What the task asks
In the records below, reproduce exactly the lines from the one containing "クレメントハイツ江津【2階】の外観" through the one containing "Rebecca Minkoff Cory", both included, and omit the pictures.

Data records
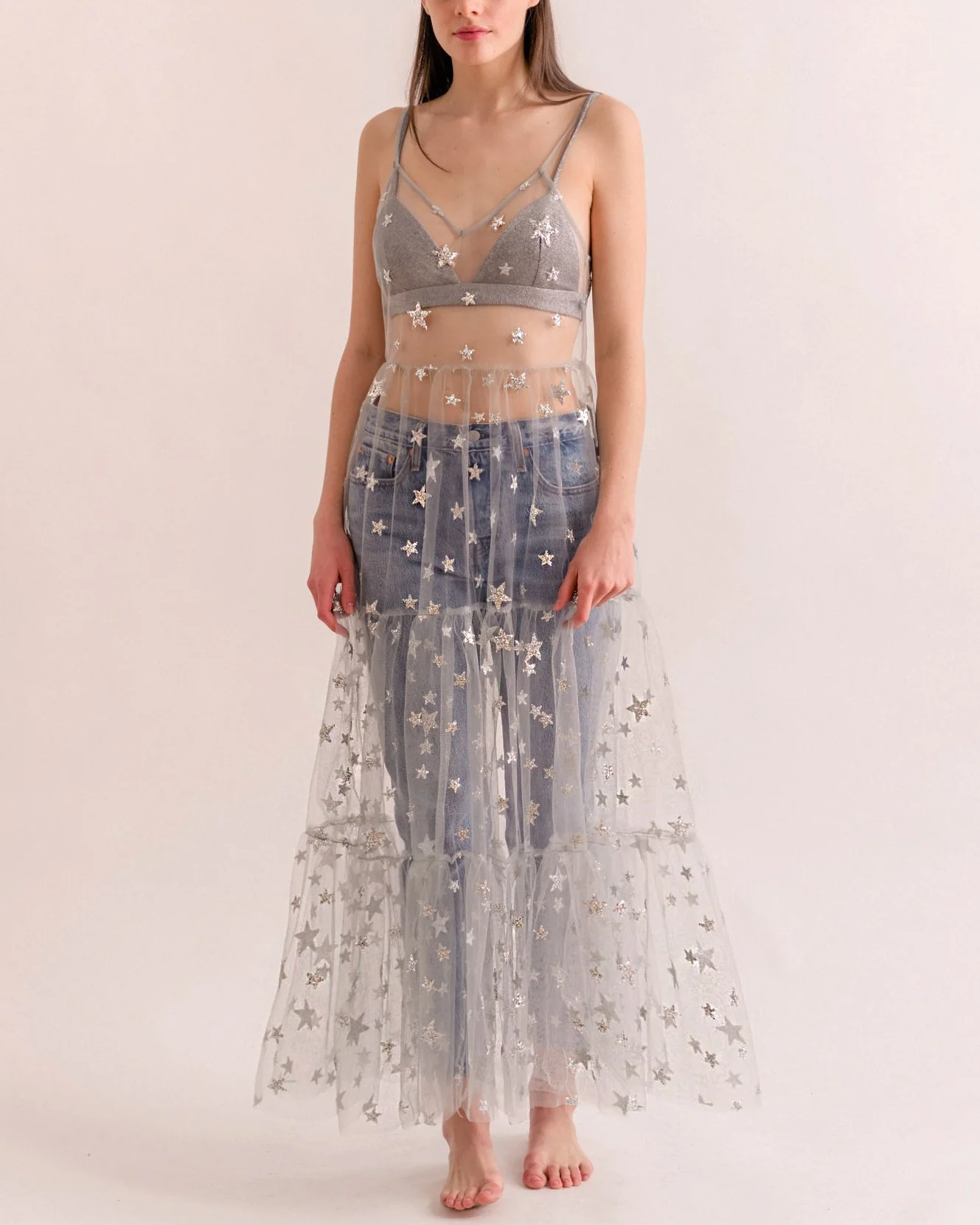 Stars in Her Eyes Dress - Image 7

* * *

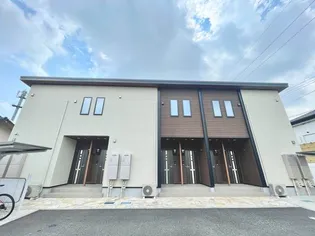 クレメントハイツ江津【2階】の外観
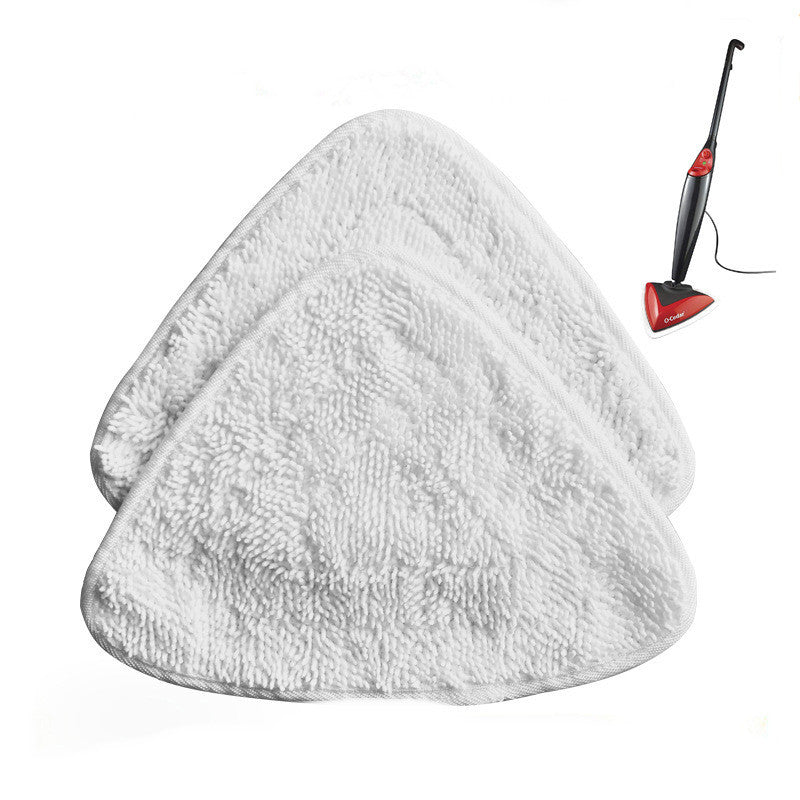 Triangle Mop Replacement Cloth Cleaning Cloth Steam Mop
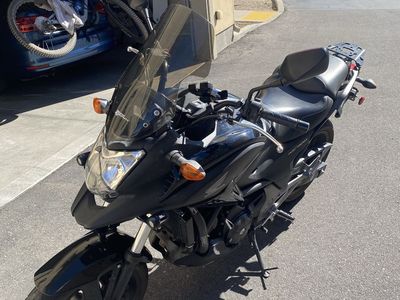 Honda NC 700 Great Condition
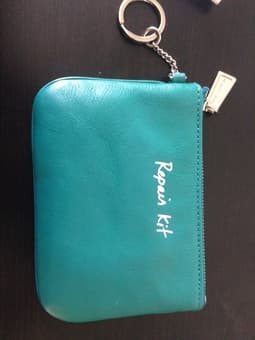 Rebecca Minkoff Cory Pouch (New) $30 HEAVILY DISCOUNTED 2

Response to the exercise
 クレメントハイツ江津【2階】の外観
 Triangle Mop Replacement Cloth Cleaning Cloth Steam Mop
 Honda NC 700 Great Condition
 Rebecca Minkoff Cory Pouch (New) $30 HEAVILY DISCOUNTED 2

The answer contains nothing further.